Forest City used to be one of Portland's old nicknames. You still catch pieces of it here and there. Forest Avenue. Forest City Trail. Old postcards. Old signs. Old businesses that used the name because people probably knew what it meant. Now it mostly hides in plain sight.
Which makes it feel even stranger. I mean, yes, Portland has trees. Great ones. Deering Oaks, Baxter Woods, Evergreen Cemetery, the Western Prom, the old white pines leaning over the West End. But the Portland most of us move through every day feels more like brick, salt air, narrow streets, parking debates, and seagulls ripping open purple trash bags. If you were naming it now, you would probably end up with something more obvious. Port City. Lobster City. Brick City. So why Forest City?
The oldest hard clue I can find is not a park or some grand row of old trees. It is a cemetery. Forest City Cemetery was named in 1858, and it is not even in Portland. It is in South Portland, though Portland still owns it. The cemetery sits on nearly 100 acres and holds around 30,000 burials.
That feels very Portland to me. A little confusing geographically, but beautiful once you understand it. And a lot more interesting than just saying, "well, we have a lot of trees."
The name seems to come from the mid-1800s, when cemeteries were not just places people were buried. They were also places people visited. Before every city had big public parks, families went to cemeteries to walk, sit, think, and be somewhere quiet and green. It sounds strange now, but at the time, a cemetery could be one of the prettiest public places in a city.
So maybe Forest City was never just about trees. Maybe it was about what Portland wanted to feel like. A city by the water, yes, but also a place with parks, cemeteries, elms, oaks, and enough shade to make a hard little port town feel softer around the edges.
Then, in 1879, Deering Oaks became part of the city. Fifty acres were deeded to Portland, and suddenly Forest City had a place you could actually point to. Ponds, paths, old trees, and a piece of open land big enough to make Portland feel like it could breathe.
There are days when Forest City feels almost funny, like an old nickname Portland has outgrown. But then you catch the city at the right angle.
Deering Oaks early in the morning. The Western Prom at golden hour. The canopy on Baxter Boulevard. An old cemetery where some of the best trees in Portland are standing watch over people who lived here before your street had traffic.
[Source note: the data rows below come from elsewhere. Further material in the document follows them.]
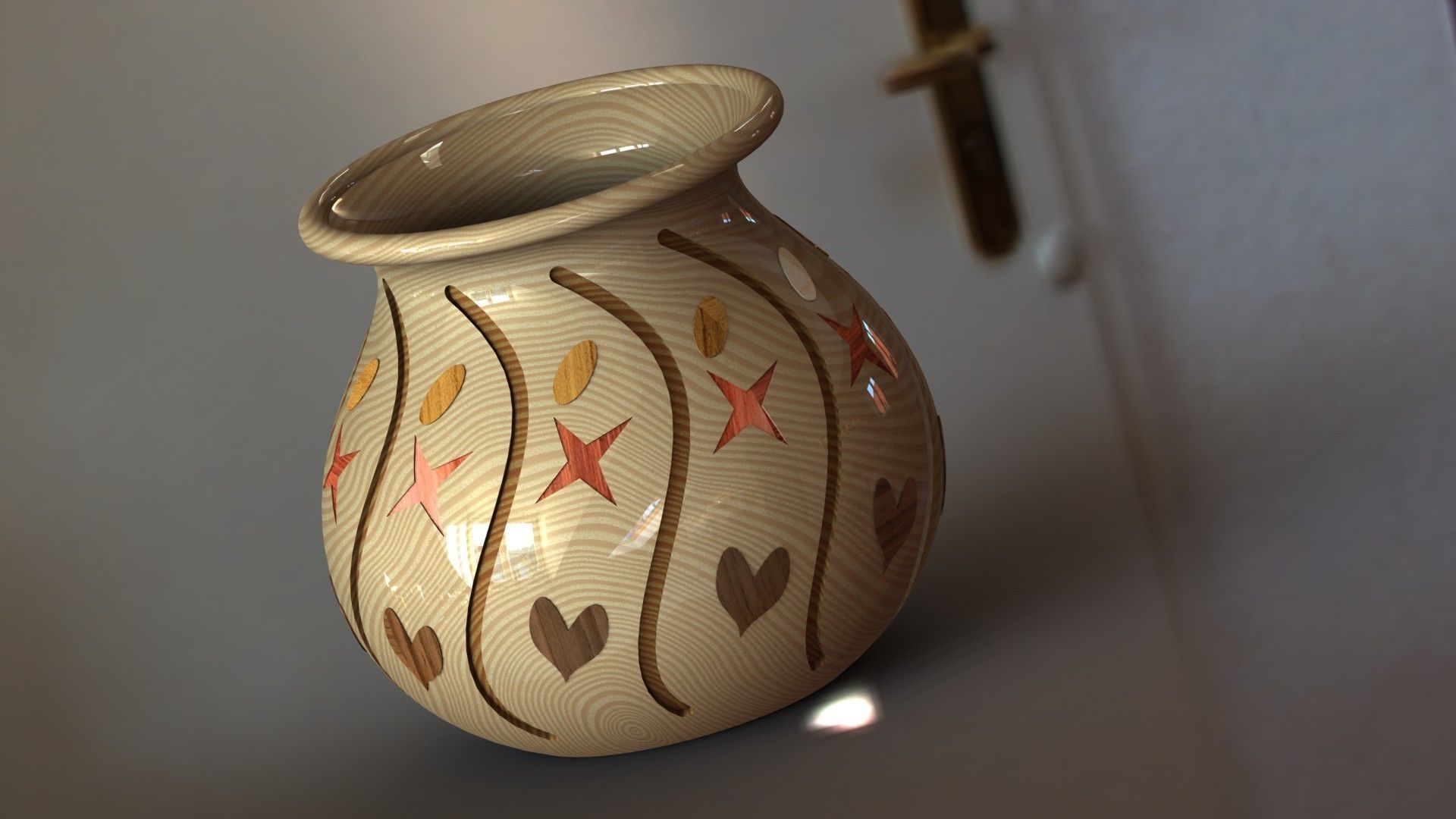 Pot vase with hearts Free 3D model_1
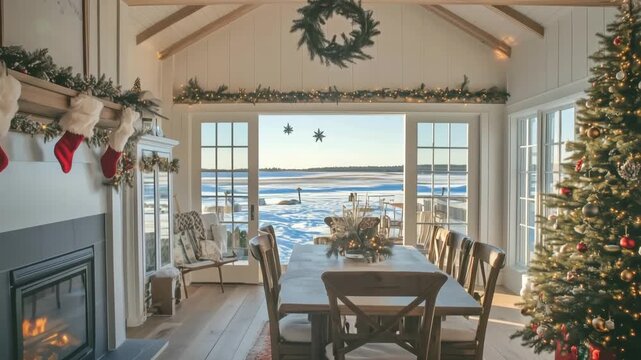 Cozy Christmas-themed cape cod dining room with a view of a snowy landscape.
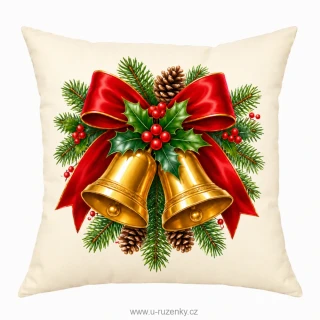 Vánoční povlak na polštář 40x40 na zip velur - Zvonečky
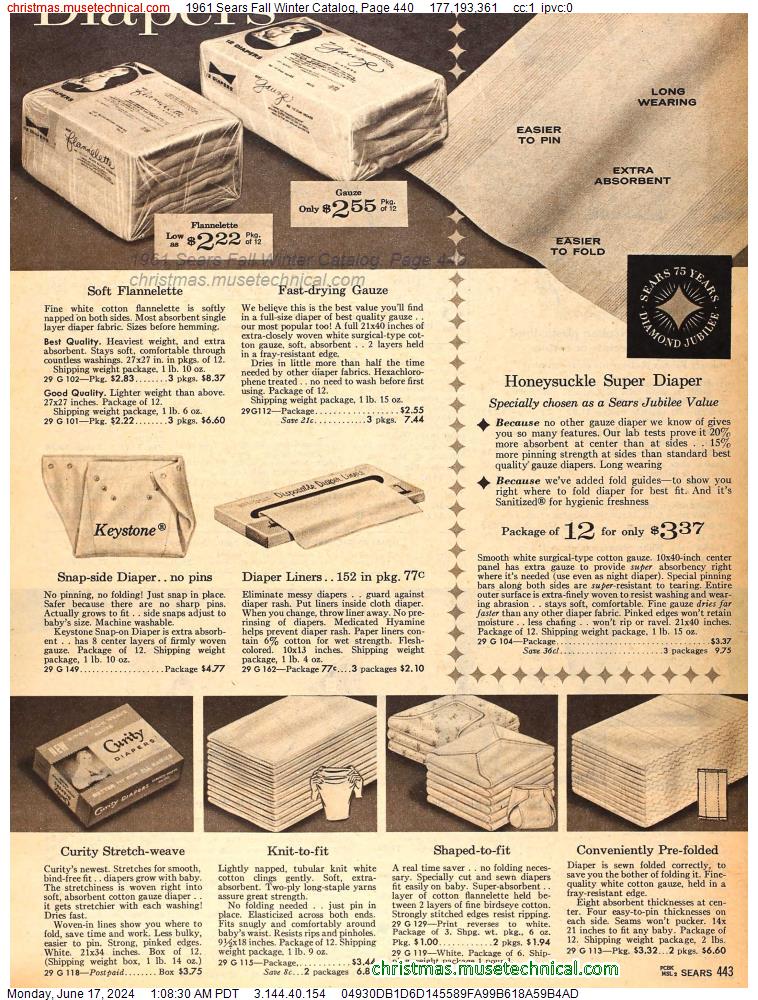 1961 Sears Fall Winter Catalog, Page 440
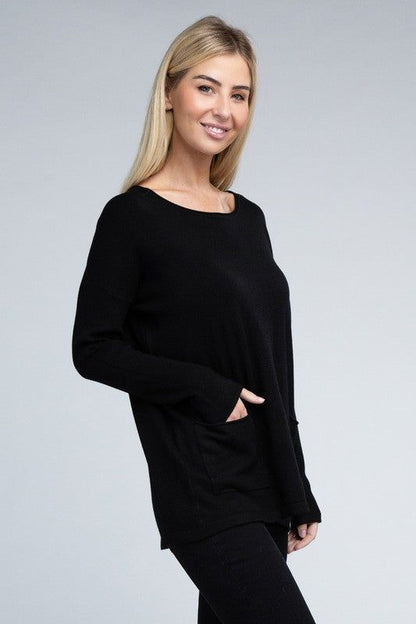 ZENANA | Viscose Front Pockets Sweater - us.meeeshop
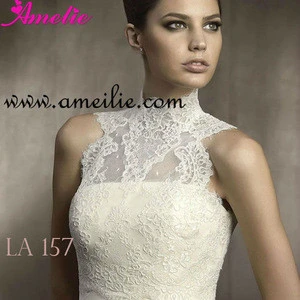 High neck sleeve lace bridal jackets and wraps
Then the name starts to make sense again. Not because Portland is a forest, but because it keeps trying to feel a little more like one.
Forest City is not really a description. It is more like a reminder. A city does not stay green by accident. Trees come down. Lots get paved. Shade disappears one storm, one project, one "necessary improvement" at a time. A street can lose a tree in one afternoon and not feel the same again for fifty years.
That is the thing about Forest City. It is quiet. It is not trying to sell you anything. It does not feel like a slogan. It feels older than that. Like Portland trying to remember that a city is better with shade.
And maybe it is not totally gone. Hearts of Pine has been bringing Forest City back too, which feels right. Some old names only work if people start using them again.